Marsinah yang ditemukan tewas mengenaskan di hutan setelah berjuang membawa keadilan buruh pabrik tempatnya bekerja.
Selain disuarakan oleh para aktivis Hak Asasi Manusia (HAM), perjuangan Marsinah diwujudkan oleh aktivis Ratna Sarumpaet dalam pentas drama bertajuk Marsinah: Nyanyian dari Bawah Tanah pada 1994, dikutip dari Intisari.
Dari suara-suara aktivis tersebut, selebihnya terangkum dalam kisah perjuangan Marsinah membela nasib buruh hingga meninggal dengan luka penganiayaan di tubuhnya.
Marsinah Menentang
Kompas.com memberitakan, Marsinah bekerja pada sebuah pabrik milik PT Catur Putra Surya (CPS) di Porong, Sidoarjo, Jawa Timur.

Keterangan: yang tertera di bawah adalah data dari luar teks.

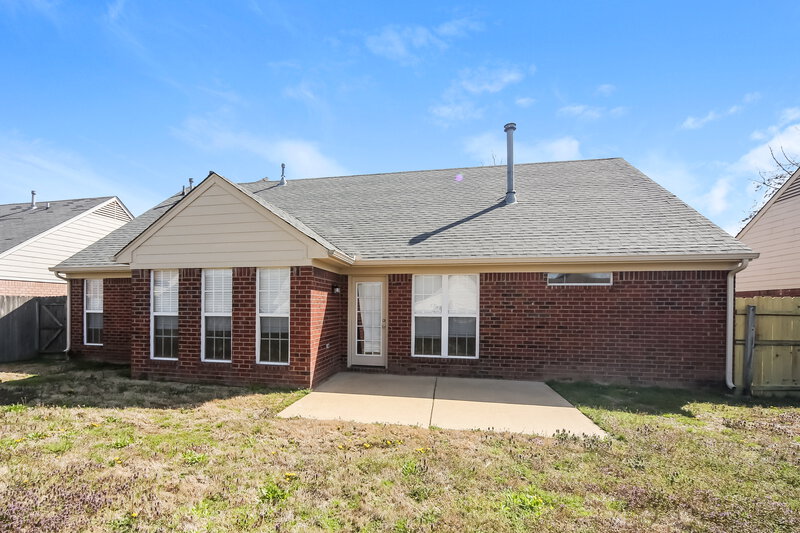 2,085/Mo, 5683 Antler Trl Southaven, MS 38672 Rear View
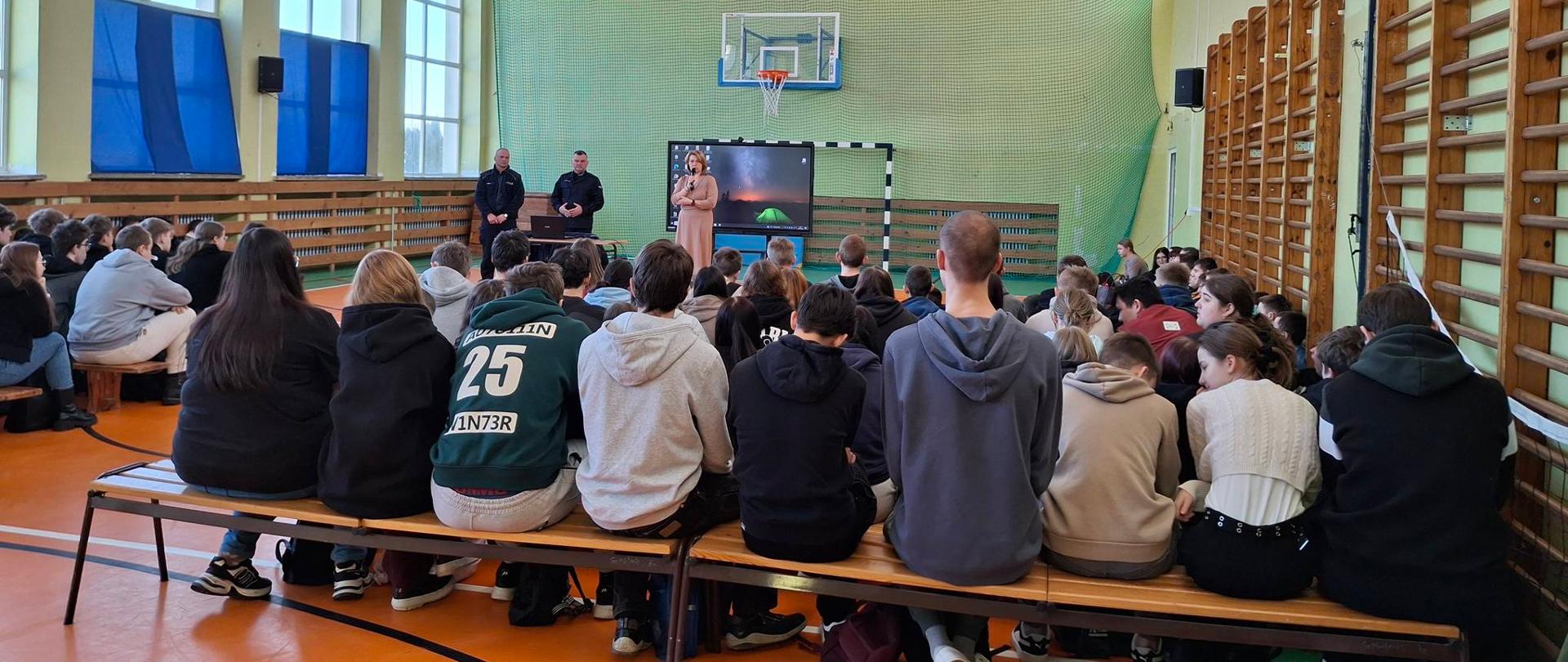 spotkanie profilaktyczne uczniów z funkcjonariuszami Policji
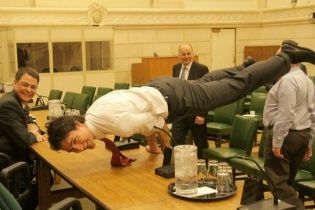 Юзери шаленіють від прем'єра Канади, який похизувався складною стійкою на руках
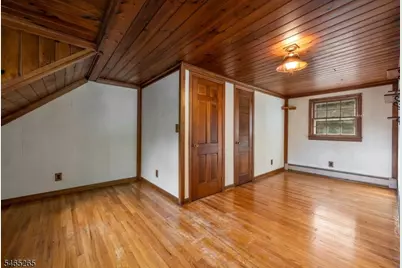13 Holiday Ln, West Milford, NJ 07480 - Photo 26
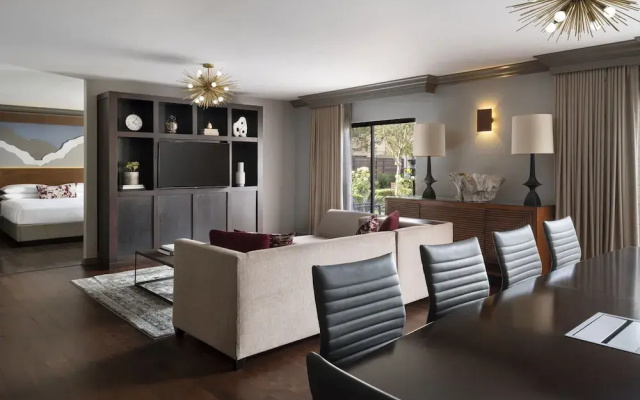 1 Bedroom Suite with courtyard view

Dia juga merupakan aktivis dalam organisasi buruh SPSI unit kerja PT CPS.
Dikutip dari Harian Kompas yang terbit pada 10 November 1993, sebelumnya dia menyuarakan aksi keprihatinan karena merasa kerap diperlakukan tidak adil oleh pihak pimpinan perusahaan.
Pada waktu itu, buruh di PT CPS digaji Rp 1.700 per bulan.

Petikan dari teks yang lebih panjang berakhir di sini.